Using the data below, return the stretch from the line that contains "Woman wearing wedding" through the line that contains "een woonkamer met", both included, exactly as it stands and nothing beyond it.
Data supplied section start
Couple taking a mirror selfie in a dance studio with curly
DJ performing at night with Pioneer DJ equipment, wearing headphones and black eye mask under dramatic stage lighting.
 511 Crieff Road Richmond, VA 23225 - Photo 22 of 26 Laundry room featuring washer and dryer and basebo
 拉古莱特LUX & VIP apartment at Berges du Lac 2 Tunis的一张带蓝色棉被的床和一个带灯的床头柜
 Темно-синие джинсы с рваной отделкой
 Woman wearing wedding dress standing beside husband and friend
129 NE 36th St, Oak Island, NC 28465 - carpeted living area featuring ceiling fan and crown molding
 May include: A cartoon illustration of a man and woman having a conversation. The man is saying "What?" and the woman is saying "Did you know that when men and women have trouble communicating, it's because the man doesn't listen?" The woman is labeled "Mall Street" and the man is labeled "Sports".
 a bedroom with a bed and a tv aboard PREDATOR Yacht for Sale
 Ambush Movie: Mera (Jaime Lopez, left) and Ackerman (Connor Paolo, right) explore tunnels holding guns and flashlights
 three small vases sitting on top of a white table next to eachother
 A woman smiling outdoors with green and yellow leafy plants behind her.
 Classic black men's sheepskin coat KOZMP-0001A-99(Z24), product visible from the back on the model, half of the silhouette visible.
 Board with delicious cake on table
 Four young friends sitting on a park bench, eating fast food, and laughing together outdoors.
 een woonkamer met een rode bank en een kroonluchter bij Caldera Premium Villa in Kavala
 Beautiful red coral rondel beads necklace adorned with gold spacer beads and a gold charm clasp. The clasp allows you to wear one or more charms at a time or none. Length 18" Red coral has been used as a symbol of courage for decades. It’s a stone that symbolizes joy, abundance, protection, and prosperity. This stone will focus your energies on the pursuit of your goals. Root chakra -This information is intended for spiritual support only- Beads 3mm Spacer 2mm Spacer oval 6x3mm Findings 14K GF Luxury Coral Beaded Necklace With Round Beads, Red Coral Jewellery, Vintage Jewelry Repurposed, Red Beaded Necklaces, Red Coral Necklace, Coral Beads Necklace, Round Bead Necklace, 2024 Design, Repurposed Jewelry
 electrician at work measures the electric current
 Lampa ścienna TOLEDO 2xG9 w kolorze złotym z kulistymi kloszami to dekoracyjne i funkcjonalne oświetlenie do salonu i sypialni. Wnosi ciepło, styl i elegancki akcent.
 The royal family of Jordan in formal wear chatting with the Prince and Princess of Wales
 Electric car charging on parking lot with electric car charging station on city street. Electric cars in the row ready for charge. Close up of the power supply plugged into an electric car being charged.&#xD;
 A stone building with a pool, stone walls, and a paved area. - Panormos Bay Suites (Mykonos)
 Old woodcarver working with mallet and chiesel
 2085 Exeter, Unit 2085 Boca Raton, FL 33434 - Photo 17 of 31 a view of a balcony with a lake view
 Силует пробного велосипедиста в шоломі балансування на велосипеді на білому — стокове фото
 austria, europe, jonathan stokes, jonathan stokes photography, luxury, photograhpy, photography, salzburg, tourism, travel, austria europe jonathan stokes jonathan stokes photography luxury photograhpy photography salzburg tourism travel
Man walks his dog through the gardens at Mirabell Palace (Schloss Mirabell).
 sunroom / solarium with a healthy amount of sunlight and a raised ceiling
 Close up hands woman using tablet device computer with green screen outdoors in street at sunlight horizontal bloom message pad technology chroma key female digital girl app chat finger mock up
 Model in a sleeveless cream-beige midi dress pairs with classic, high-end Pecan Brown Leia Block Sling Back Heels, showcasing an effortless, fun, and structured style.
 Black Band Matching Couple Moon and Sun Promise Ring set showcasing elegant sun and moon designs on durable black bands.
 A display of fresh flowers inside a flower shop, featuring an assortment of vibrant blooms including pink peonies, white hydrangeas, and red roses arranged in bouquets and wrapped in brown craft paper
Data supplied section end
### Answer to this task
 Woman wearing wedding dress standing beside husband and friend
129 NE 36th St, Oak Island, NC 28465 - carpeted living area featuring ceiling fan and crown molding
 May include: A cartoon illustration of a man and woman having a conversation. The man is saying "What?" and the woman is saying "Did you know that when men and women have trouble communicating, it's because the man doesn't listen?" The woman is labeled "Mall Street" and the man is labeled "Sports".
 a bedroom with a bed and a tv aboard PREDATOR Yacht for Sale
 Ambush Movie: Mera (Jaime Lopez, left) and Ackerman (Connor Paolo, right) explore tunnels holding guns and flashlights
 three small vases sitting on top of a white table next to eachother
 A woman smiling outdoors with green and yellow leafy plants behind her.
 Classic black men's sheepskin coat KOZMP-0001A-99(Z24), product visible from the back on the model, half of the silhouette visible.
 Board with delicious cake on table
 Four young friends sitting on a park bench, eating fast food, and laughing together outdoors.
 een woonkamer met een rode bank en een kroonluchter bij Caldera Premium Villa in Kavala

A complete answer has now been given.